WHAT IS NEEDED:
Transcribe only the lines from the one containing "Charlotte Tilbury lipstick" through the final line of the entries below, exactly, and exclude the pictures.

INFORMATION SHOWN:

* * * * * * *

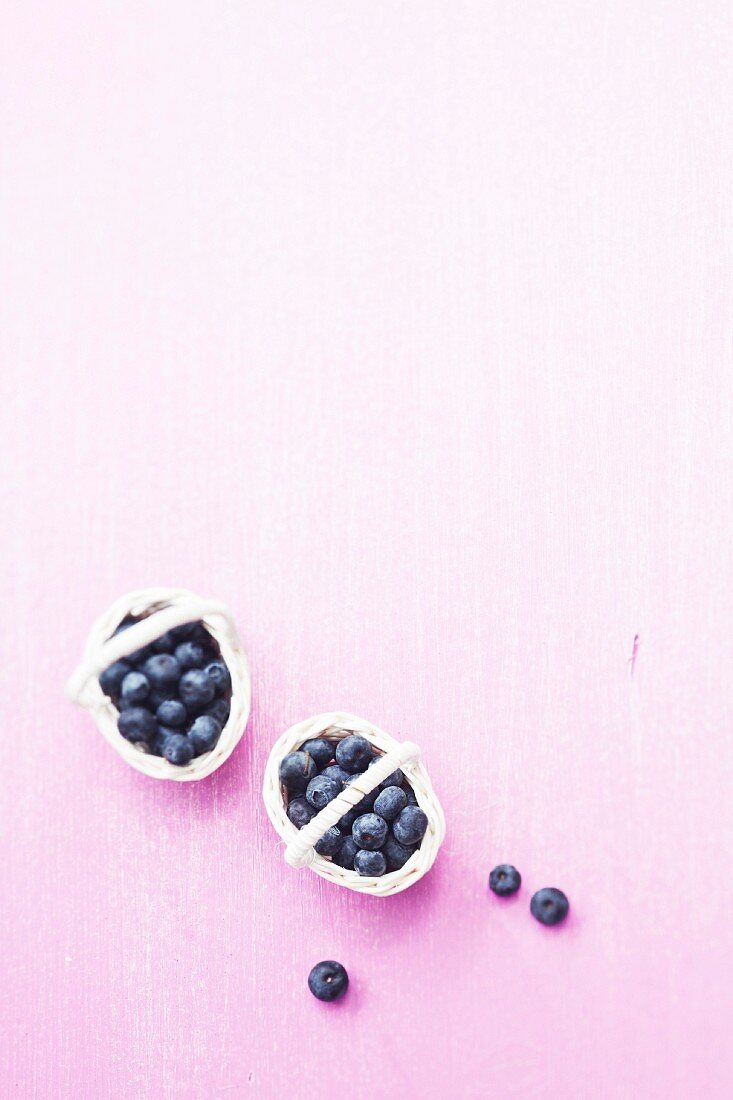 Small baskets of blueberries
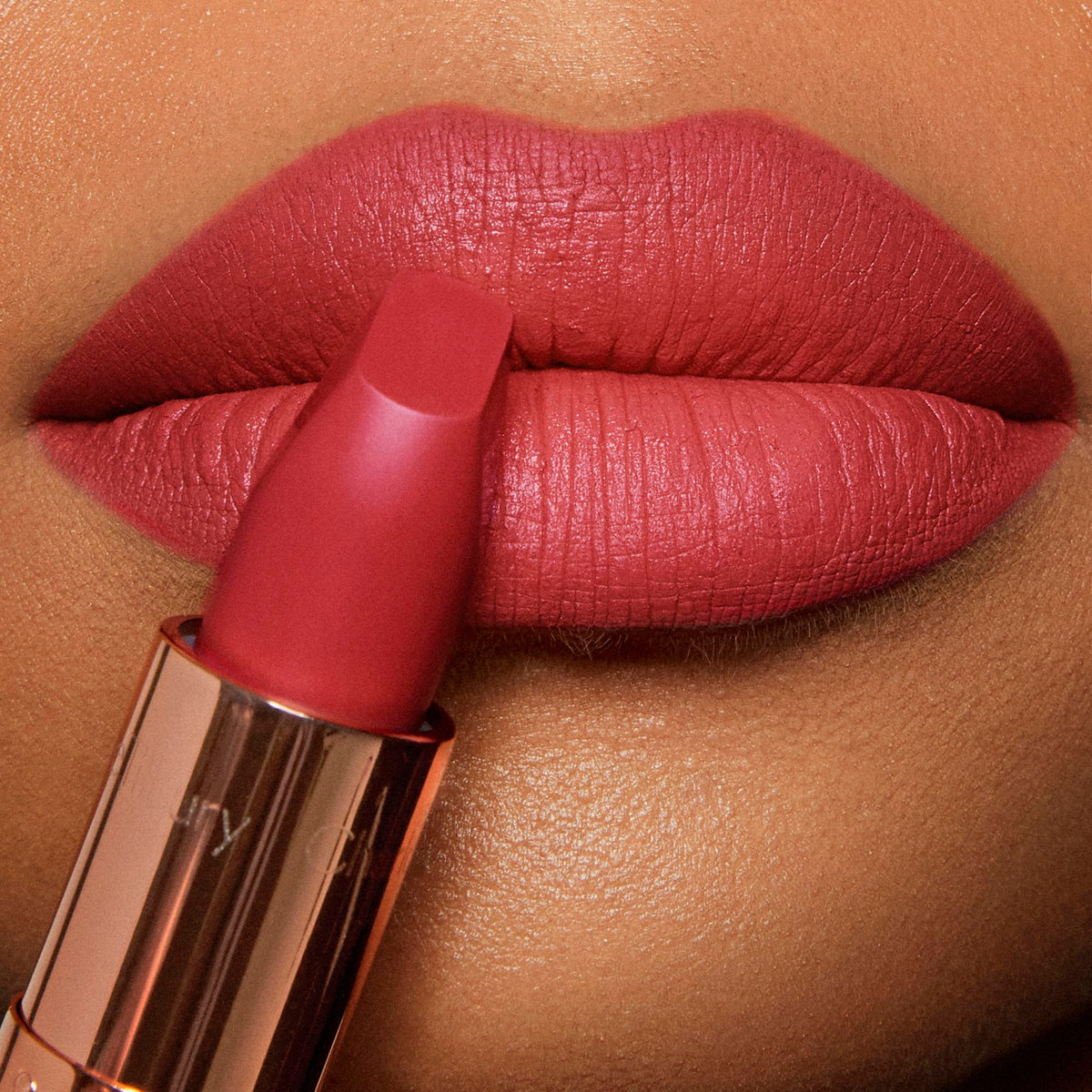 Charlotte Tilbury lipstick swatch on arm demonstrating vibrant fuchsia payoff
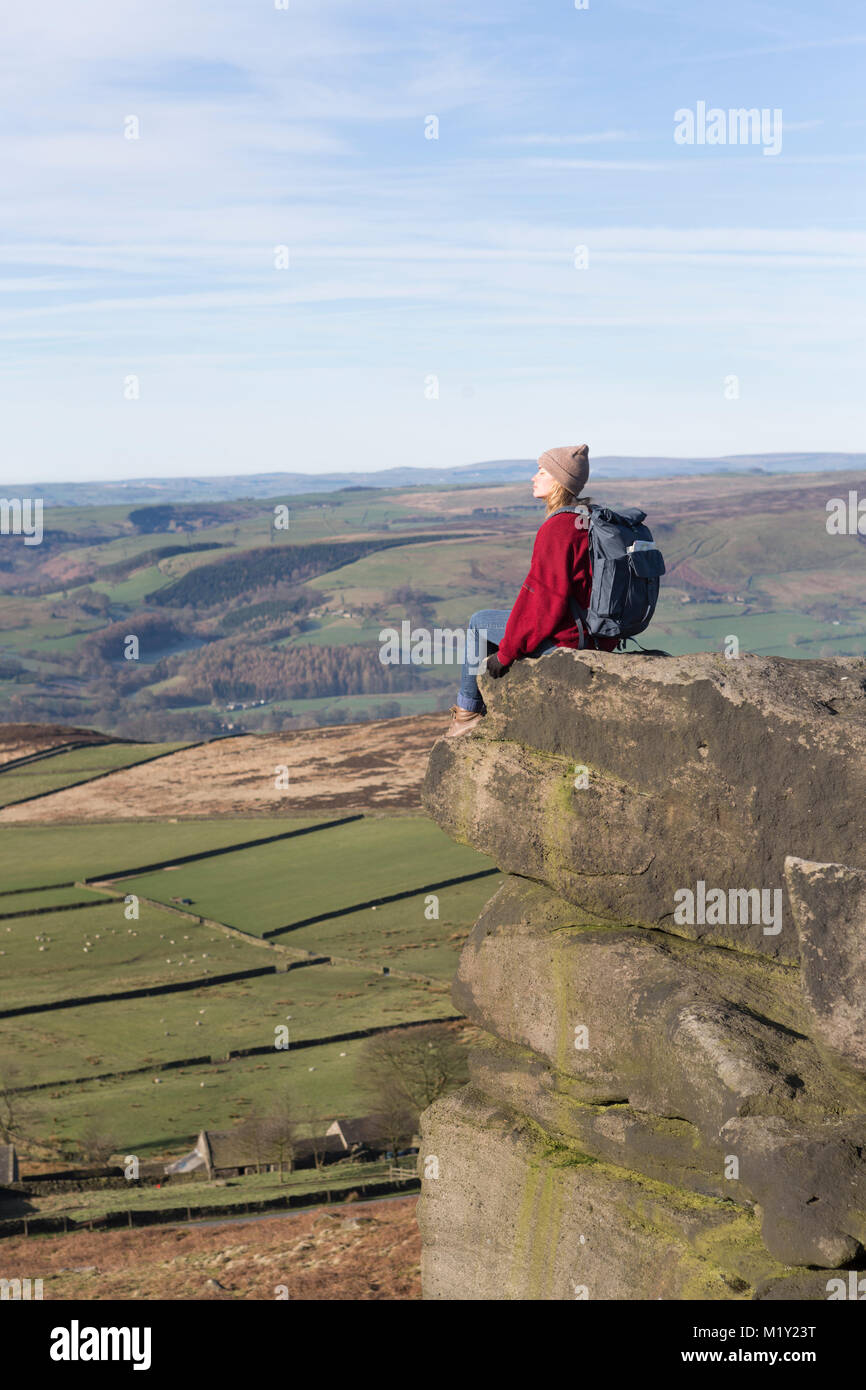 Regno Unito, Derbyshire, Peak District Nationa Park, un camminatore seduta ammirando la vista dal bordo Stanage. Foto Stock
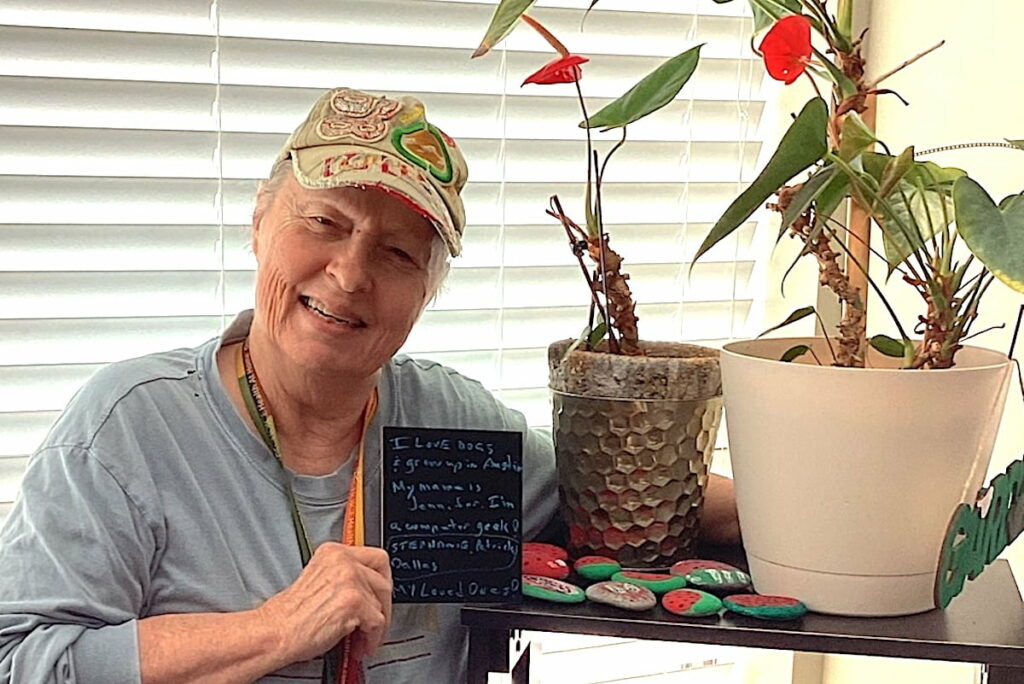 Resident holding a message board with plants
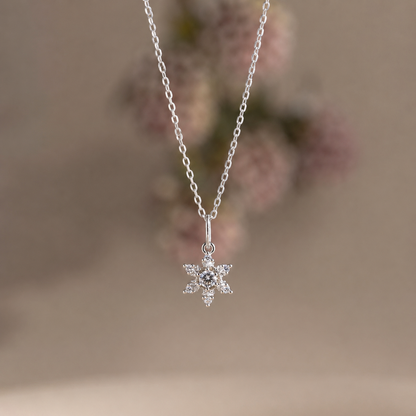 Silver snowflake pendant necklace on a blurred floral background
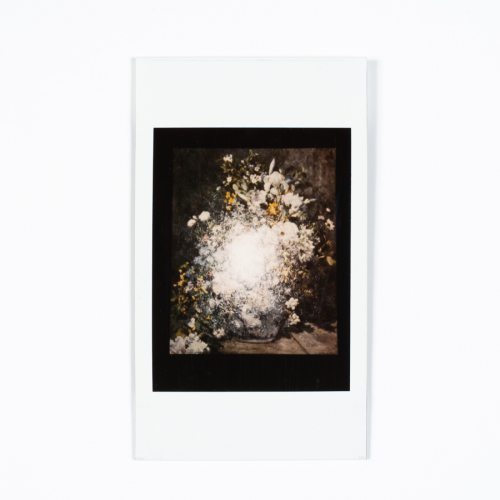Polaroid with glare from flash of white and yellow flowers in a vase. (from series of Polaroids documenting a performance piece)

* * * * * * *

PROBLEM SOLUTION:
 Charlotte Tilbury lipstick swatch on arm demonstrating vibrant fuchsia payoff
 Regno Unito, Derbyshire, Peak District Nationa Park, un camminatore seduta ammirando la vista dal bordo Stanage. Foto Stock
 Resident holding a message board with plants
 Silver snowflake pendant necklace on a blurred floral background
Polaroid with glare from flash of white and yellow flowers in a vase. (from series of Polaroids documenting a performance piece)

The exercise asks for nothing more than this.